Congratulations on crossing the finish line! It's an accomplishment that you have earned every right to celebrate, one that can't be taken away from you, and one that will inform and guide your experiences for the rest of your lives.
Your chapter of the story of Big Red athletics is coming to a close. It's a chapter that took a completely unforeseen twist, one that is without precedent in recent decades — perhaps in the entire history of the University. When you made your commitments to Cornell and to your coaches, and sent in your tuition deposits, you certainly did not sign up for anything like the experience of the last year and a quarter.
And as intercollegiate athletes, the impact upon you was particularly acute. You chose to attend Cornell, at least in part, specifically to play for this program and represent this institution. So having the rhythm and ritual of practice, training in the Friedman Center, and of course, competition days — ripped away from each of you, for at least a full season of play, was an especially great price to pay. It's a sacrifice that is not lost on me, and one I hope is borne in mind by all Big Red fans in the years to come.
But in a sense, there was another type of competition at hand — one that lasted the whole 2020-2021 academic year, one where every day was game day. In this game, the equipment wasn't sticks, balls, pucks, oars, and the like — it was Daily Checks, masks, social distancing, and surveillance testing.
It was a game with an outcome far from certain. When President Pollack and her administration made the decision to conduct instruction in-person this year, I was convinced that, on balance, it was the right call. That is, it was the least bad of the available options. Even so, it was a massive roll of the dice. There were many who said it was reckless and foolish, said it couldn't be done, said we'd be back in fully remote learning in no time.
You proved them wrong. In every possible way. You met the moment, and you rose to the occasion. You came together with your own teammates, and students across campus, and staff, and faculty, united as one Cornell team. And as these final days of this school year pass, they pass like the final seconds of a blowout victory at Lynah Rink — keys out and jingling, imploring the naysayers to warm up the bus. Because victory in this long game is just about assured. It's a victory that I take to be as meaningful as any Big Red championship — perhaps even more so. It makes me so proud to be associated with this singularly great institution.
You're saying goodbye to your days of suiting up in carnelian and white in a way you never expected to. But while it may be goodbye to those days, it is most certainly NOT goodbye to your teammates, nor to Cornell. To them, it is merely "until next time."

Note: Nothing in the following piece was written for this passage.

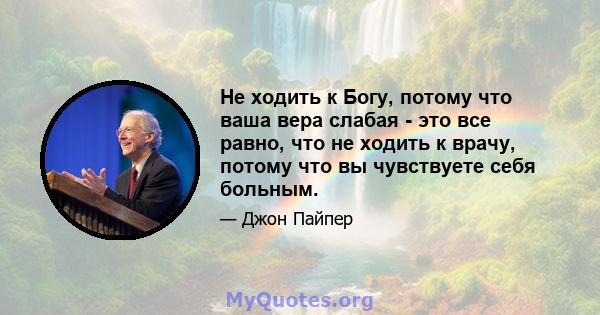 Не ходить к Богу, потому что ваша вера слабая - это все равно, что не ходить к врачу, потому что вы чувствуете себя больным.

As you prepare to depart from the East Hill and enter what Shakespeare called the "undiscovered country" — the future, or as it's sometimes called from your vantage point, the "real world" — know this with absolute certainty. A part of you will always remain there. All of you will always be welcome back there. And each of you will always be home there.
Thank you, one and all, for all you've given to the Big Red, and to Cornell University. Give my regards… and far above. Hail, all hail… and love to thee. Yell Cornell… and LET'S GO RED!!!
I composed this over the last week or so, as Cornell Athletics individually honored each member of this year's graduating class on social media. I shared it on Twitter yesterday, but I also thought it worthwhile to post here, with a few additional remarks.
First, I've seen comments that the true and proper way to honor these exceptional Cornellians would be to let them play. But that doesn't take into account the whole picture. I don't think the decision was ever really Cornell's to make, at least in terms of play within its conference. Not long after Cornell announced it would conduct this academic year residentally, Harvard announced it would remain fully remote for all of 2020-21, and Princeton backtracked to that same position. If those two schools weren't going to bring their players to campus, there seems to me to have been no realistic way for the Ivy League to conduct competition. Each school made what it thought was the best decision for its community, given each school's unique circumstances, particularly the percentage of students living in on-campus housing.
And second: when I saw the forecast for here outside Philadelphia this weekend (highs mid-50s, lows low-40s, and very wet), I wondered how cold it might get at the southern tip of Cayuga Lake on this last weekend of May. Fortunately, the answer: not any colder than here. Still, everybody stay warm and safe up there as you celebrate!